Rohin Raveendran Nair’s MAMI Select: Filmed on iPhone short film, “Kovarty,” shares little of the mentioned American show’s cultural circumstances and bears little similarity with its distinctive intellectual energy. However, it is not surprising that the short film tugs on the memory of the show, for both of them locate the grand gestures of life in the modest, ubiquitous materials. What sets “Kovarty” apart is Nair’s finely tuned creative tact in deploying and using the point of view of its protagonist, a typewriter. However, upon scratching the surface of the previous analogy, I find for “Kovarty” a better companion.
It is also undeniable how “Kovarty” consistently echoes the insistent ideological propensity of Vladimir Mayakovsky’s work.
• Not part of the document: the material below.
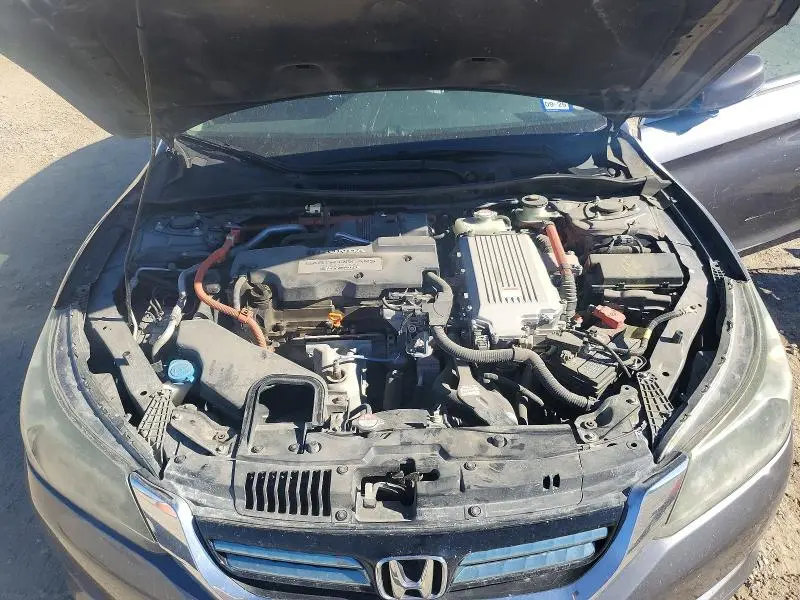 2015 HONDA ACCORD HYBRID EXL  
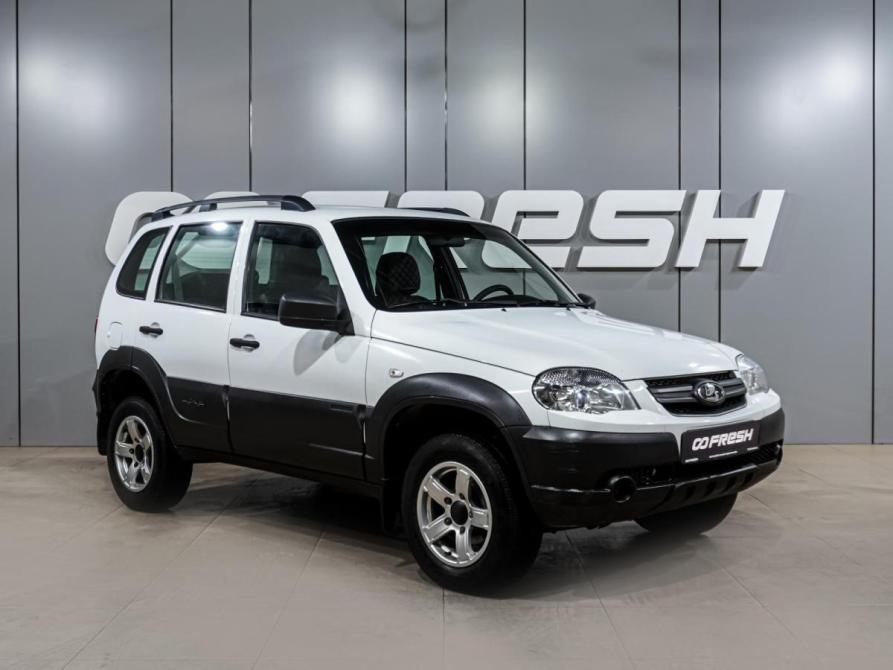Lada (ВАЗ) Niva Воронеж  - изображение 1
In his play, “Mystery-Bouffe,” machines are endowed with life: they are the actors of the Promised Land, “the Communist paradise of material plenty on earth.” Mayakovsky recognizes the true kinship amongst the proletariat and the machines and their intrinsic ties to the question of revolution. In the preface to his socialist play, he writes, “In the future, all persons performing, presenting, reading or publishing Mystery-Bouffe should change the content, making it contemporary, immediate, up-to-the-minute.” Nair’s half an hour long “Kovarty” unknowingly and partially lives up to the testament of the poet.
Set in Kerala of the 1980s, “Kovarty” opens with the ceremonial welcoming of a typewriter to the village of Thozhuthilmukku. The typewriter is an asset of the office of the sub-registrar. Upon its arrival, the new office typist, Daisy, holds it in her arms and places it in her office. The object instantly falls in love with her. Daisy insists that the church priest name the typewriter QWERTY. The arrival of the typewriter stirs up revolutionary changes in the unassuming village. It is entrusted with legalising the first interfaith marriage of the village.
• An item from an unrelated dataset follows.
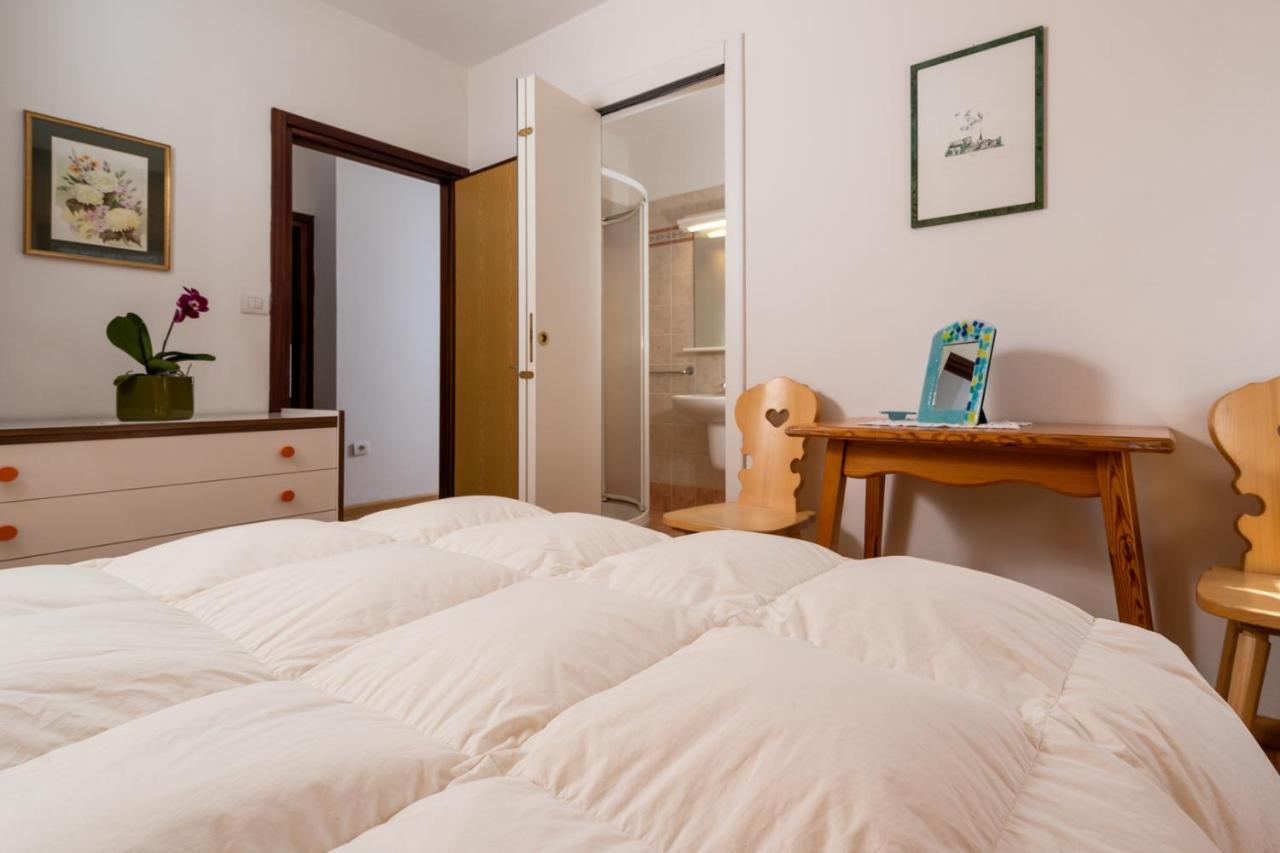 Residence Weiss Vigo di Fassa Ngoại thất bức ảnh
The villagers recognise the typewriter to be the usherer of many such revolutions. The typewriter, meanwhile, harbours feelings for Daisy and steals the magnolias that adorn her hair. There is only one other entity aware of the growing feelings of this secret admirer: the office pendulum clock. Things move smoothly for a while, but as is the case with technology, the lives of both the objects stand threatened by the pending replacement with their far advanced successor.
Despite being referred to with masculine pronouns, the typewriter’s insistent viewpoint is neither masculine nor feminine. It seems to be a force falling outside the normative gender binary. Nair skillfully masters the gaze of the machine, endowing it with a vintage black and white colour tone. To achieve the gaze, he puts the iPhone inside the typewriter, something which is only possible given the compact size of the device. What Nair presents to us is the gaze of revolution itself through the object, and what we have at hand is the love story between a woman worker and her eventual political conscientization.
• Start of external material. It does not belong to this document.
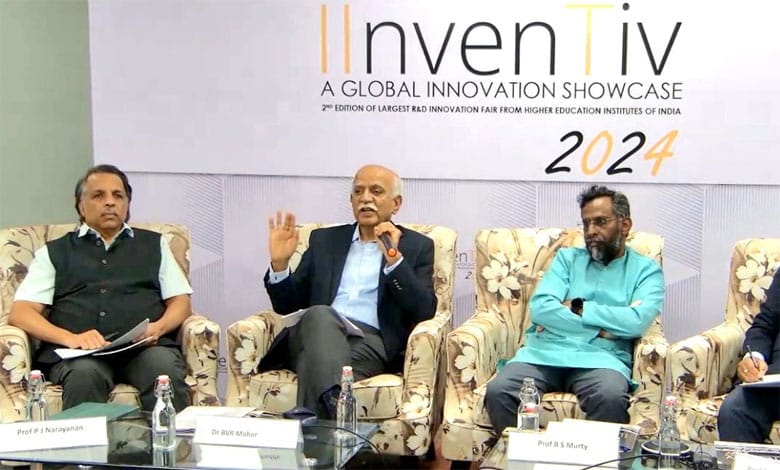 IIT Hyderabad to host IInvenTiv-2024: A mega celebration of research & innovation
At a point in the film, Daisy takes the debilitated typewriter out for a stroll. The film pauses for a meditative observation, interrelating and interfusing Daisy’s conversation with the typewriter with shots of the backwater and scenery around it. Daisy pronounces her ‘Kovarty’ typewriter as different from the other machines, particularly the landlord’s car, which has graced the village. Daisy tells the typewriter that the village landlord’s automobile has been beneficial only to him. This insertion instantly calls to mind the Uruguayan author, Eduardo Galeano’s angry tirade against the unfeeling might of automobiles in his “Upside Down: A Primer for the Looking-Glass World.” In his pithy essay, Galeano observed, “Cars are like gods. Born to serve people as good-luck charms against fear and solitude, they end up making people serve them.”
Similarly, Daisy describes the automobile as the first marvel of the village, but drops it from its inflated stature eventually, citing it as an exclusive preserve of an educated and privileged elite. The typewriter, diametrically opposite to the car, is dear to Daisy as it has consistently worked towards emancipating the lower classes socially, politically, and intellectually. As Daisy caresses the typewriter and utters these words, Nair presents us with a shot where the ribbon spools and the typebar are placed in such alignment inside the broken typewriter that it seems it is wearing a smug smile. What “Kovarty” brings to the fore is also the identity-moulding relationship between a worker and their tools. Daisy’s conversations with Qwerty strike a sympathetic chord with both the boatman and the audience.